I have several txt files with entries containing different latitude and longitudinal coordinates as well as some other data. I want to input these data into separate sqlite tables, differentiated by their latitude and longitudinal coordinates. All in all there are 23 geographical zones that I want to give a table. However, I am a little unsure on how I best will do that. My idea so far is to read and input the data into one databasetable, then differentiate it into different sones:
cur.execute("CREATE TABLE Total (unixtime int, mmsi int, latitude float, longitude float, port int)".format(site = site))
cur.execute("CREATE INDEX latitude_index ON Total (latitude)")
cur.execute("CREATE INDEX longitude_index ON Total (longitude)")

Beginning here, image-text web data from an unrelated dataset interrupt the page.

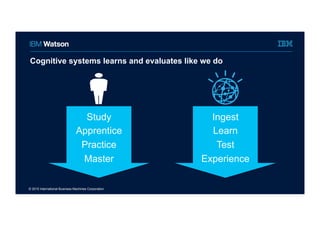 © 2015 International Business Machines Corporation
Cognitive systems learns and evaluates like we do
Study
Apprentice
Practice
Master
Ingest
Learn
Test
Experience
 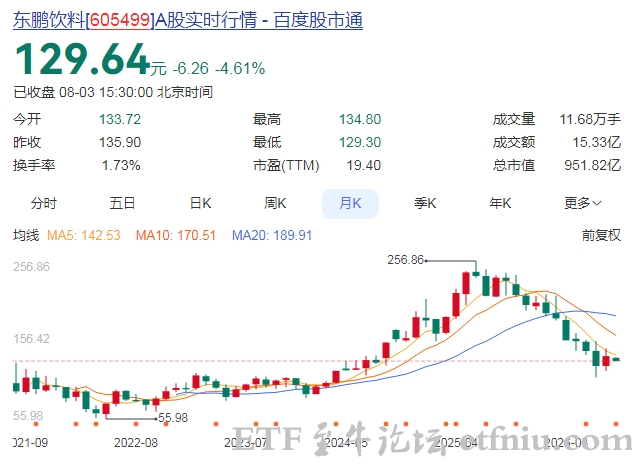 东鹏饮料的增长不靠东鹏特饮了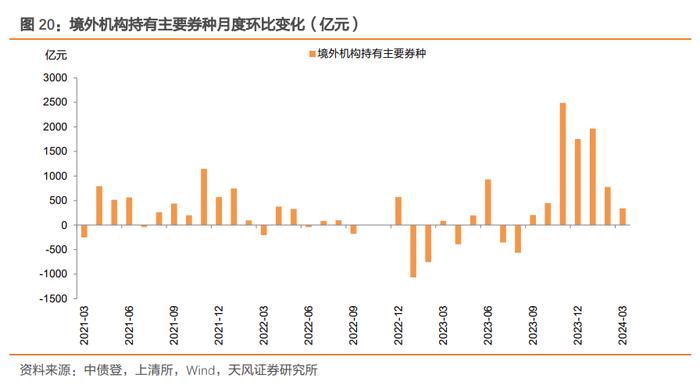 商业银行大幅增持，广义基金小幅减持——2024年3月中债登和上清所托管数据点评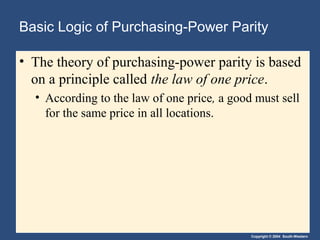 Copyright © 2004 South-Western
Basic Logic of Purchasing-Power Parity
• The theory of purchasing-power parity is based
on a principle called the law of one price.
• According to the law of one price, a good must sell
for the same price in all locations.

def writeToDatabase(databasepath, tablename, data):
con = lite.connect(databasepath)
cur = con.cursor()
query = """
INSERT INTO
{table} (unixtime, mmsi, latitude, longitude, port)
values (?,?,?,?,?)
""".format(table=tablename)
cur.executemany(query, (data))
if __name__ == "__main__":
words = []
port = []
mmsi = []
unixtime = []
longitude = []
latitude = []
newdata = []
databasepath = "SAISGlobal.db"
createDatabaseTable(databasepath)
for filename in os.listdir('data'):
with open("data/"+filename) as f: # Use file to refer to the file object
data = f.readlines()
for line in data:
words = line.split(";")
port.append(int(words[0]))
mmsi.append(int(words[1]))
unixtime.append(int(words[6]))
longitude.append(float(words[2]))
latitude.append(float(words[3]))
newdata = zip(unixtime, mmsi, latitude, longitude, port)
writeToDatabase("SAISGlobal.db", 'Total', newdata)

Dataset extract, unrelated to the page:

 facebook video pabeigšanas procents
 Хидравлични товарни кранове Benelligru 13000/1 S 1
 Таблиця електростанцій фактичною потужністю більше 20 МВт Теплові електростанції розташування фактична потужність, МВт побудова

The idea is to then to extract the data from the Total table, and insert it to different tables for each zone using SQLite queries. However, there might be a better way to do this? Each file contains 200-300 mb of data, and there is 300-400 files.

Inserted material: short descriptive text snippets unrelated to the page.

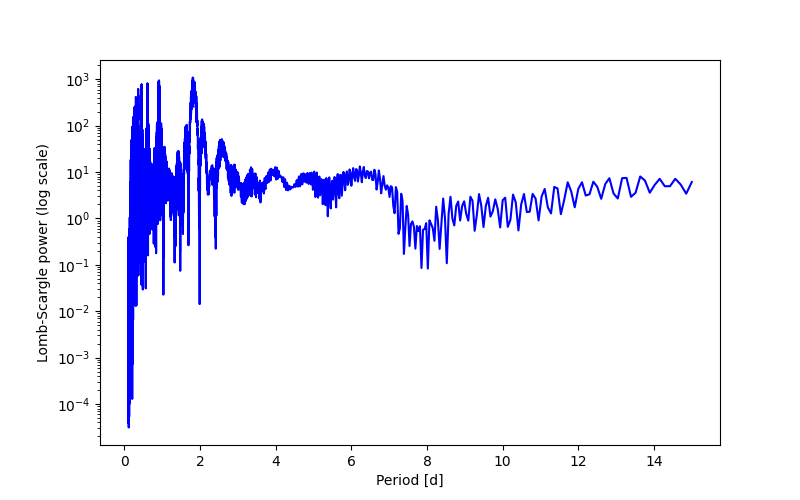 Spectral power density plot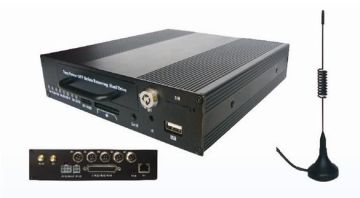 1.0vp-p, 75 Ohms, Aviation Plug 8-32v Power Input Security Camera Dvr Recorder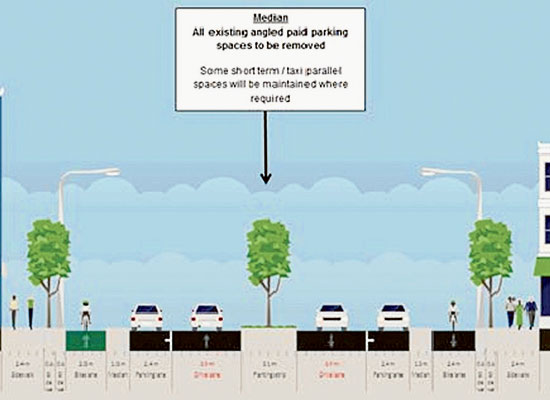 Riders win $2.6 million bike lanes on Exhibition St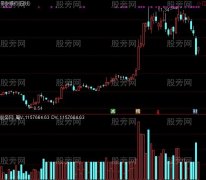 通达信周日成交量指标公式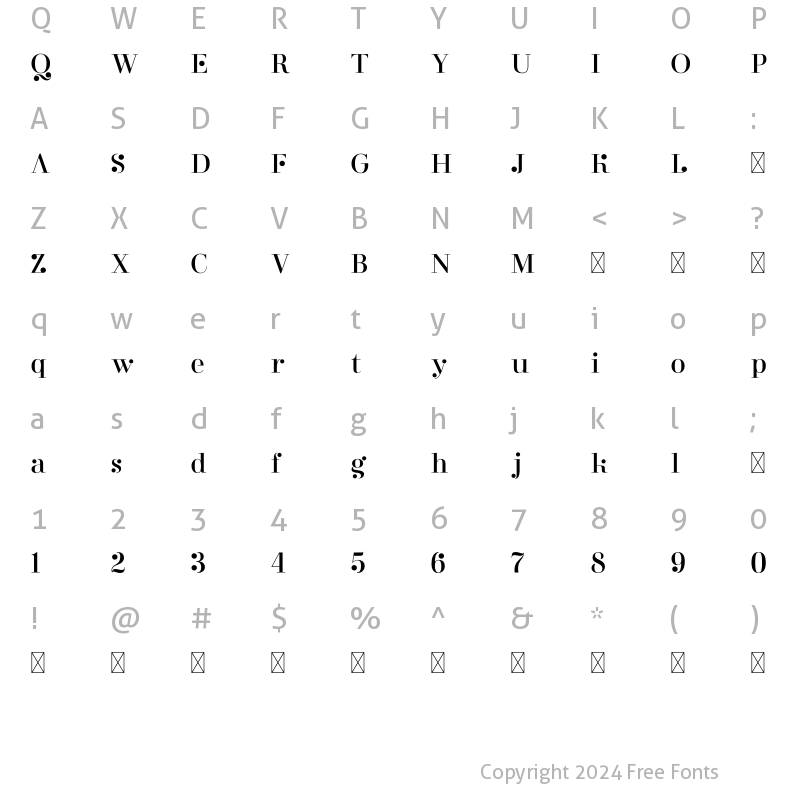 Character Map of Ergosy Regular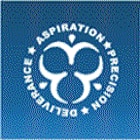 Accord Business School, Tirupati Logo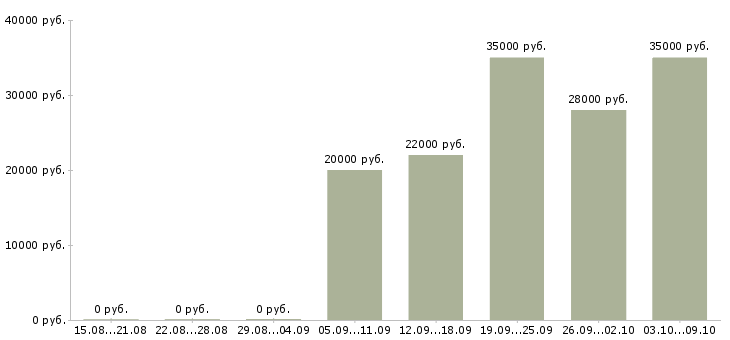 Вакансии уборщица в офисе в Смоленске - Медиана зарплат уборщица в офисе в Смоленске за 2 месяца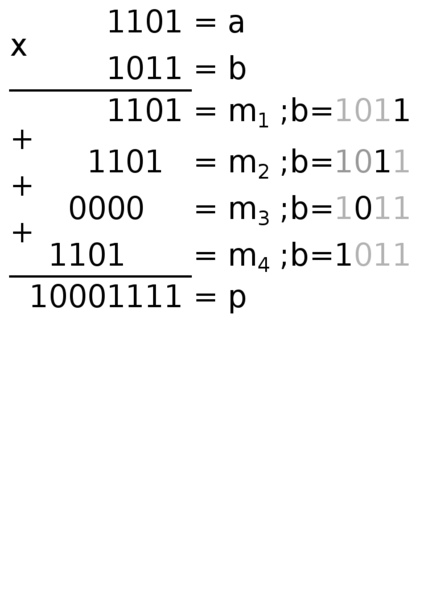 Файл:Mult bin simple.png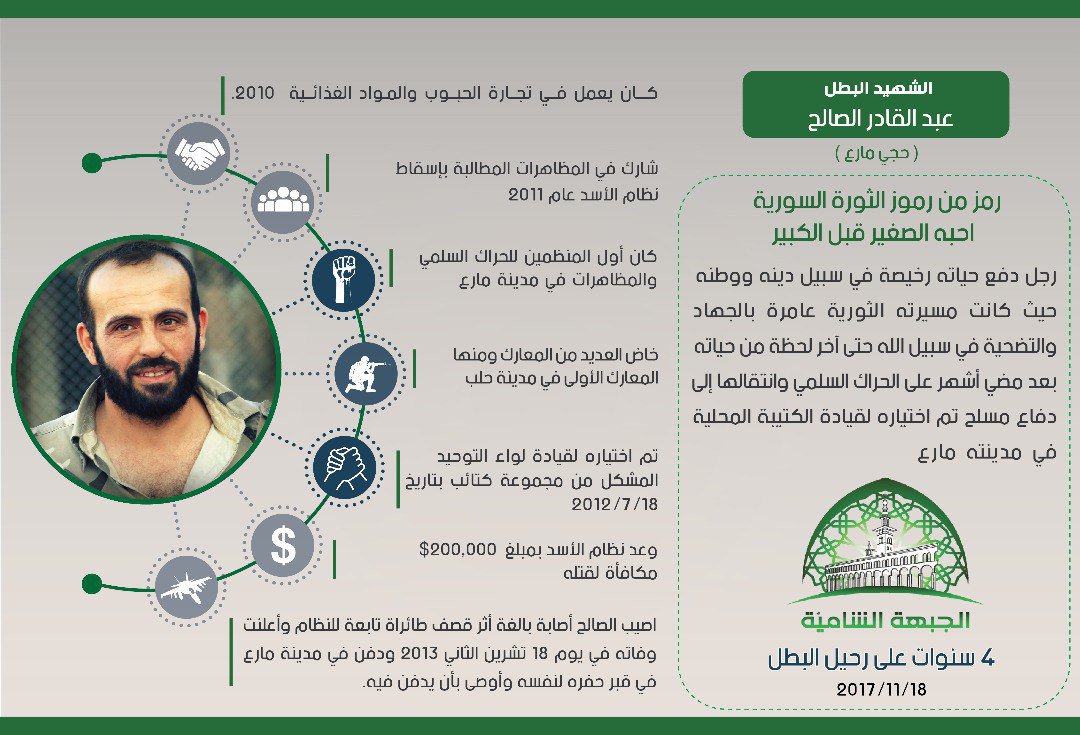Basbous0's tweet photo. الشهيد القائد #عبد_القادر_الصالح  حجي مارع في سطور بالذكرى الرابعة لاستشهاد https://t.co/aettRaoNOF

Could I for example differentiate the data into tables before I insert into database? As it is 23 sones, I'm really unsure on how I would do this. If anyone got an idea?
Any other suggestions?
Edit:
Running time up to the writeToDatabase is 17.17 seconds for one file, the writeToDatabase takes 60-70 seconds for one file. If I remove the indexes I reduce the writeToDatabase to 9-20 seconds, however I need to write this data to other tables as well, and in the other tables I will need the other indexes.